2012年3月23日金曜日

「イワンの馬鹿」トルストイ著

青空文庫で読んだ。
「イワンの馬鹿」トルストイ著 菊池寛訳

まだ、共産主義が夢として語られていた時代の労働賛歌。
一言で言ってしまえばそんなお話。

馬鹿こそ賢い、と言うか、身体感覚が一番正しいという信念を軸にしたファンタジーであり、トマス・モアの『ユートピア』に通じるものがあるが、後者が、ユートピアをユートピアたらしめる原動力を語らないのに対し、今作品では、イワンの「いいとも、いいとも」が、その原動力として語られている。
と言うことは、イワンの死後、この馬鹿たちのユートピアがさかしい者たちの攻撃を払いのける原動力を失い、デストピアになったことは想像に難くない。
馬鹿が賢くなるには努力すればよいが、馬鹿が馬鹿であり続けるには才能が必要で、特定個人の才能に根差したシステムはその個人の死去によって崩壊せざるをえない。

序盤のお伽話的な場面では感じない不安感が、馬鹿の王国の完璧さを語る後段に行くに従って強まって行くのを、この王国ではテーブルに着く権利はなさそうな理屈屋の私は感じてしまうのでした。

2012年3月19日月曜日

「フィッシュストーリー」伊坂幸太郎著

文庫版『フィッシュストーリー』(新潮文庫)の中の一遍。
久々にもろ好みの作品に出会えた気分。

伊坂幸太郎の作品にはどことなくカートボネガットの作風を感じるのだが、その真骨頂と言う感じ。
短い話が絡み合い、本人たちが意識しないまま、ある運命の大きな流れを構築するという構造。
他の作品では、談判破裂して暴力の出番となることがやや多い様に思うが、この作品はその無理矢理黙らせる感がほとんど無く、ふわふわとたんたんと物語が紡がれていく。
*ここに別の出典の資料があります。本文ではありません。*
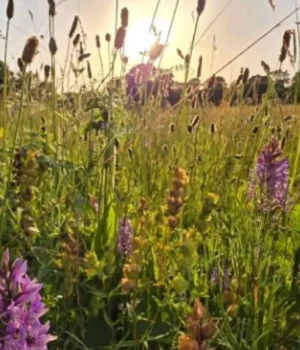 biodiverse-wildflower-meadow.webp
こういうの好きだ。

そしてそれを英語でほら話を表す「フィッシュストーリー」と名付ける感覚もいい。
確かにほら話で、ほら話ゆえのカタルシスがある。

リアルであることが絶対ではない、正しいわけでもない。
リアルでないことを開き直りながら、因果をめぐる冒険をはにかみながらふわふわと語る、こういうお話が、伊坂さんの真骨頂じゃないかと思う。

そして、伊坂幸太郎にあって村上春樹に無いのは、この明るいふわふわ感だとも思う。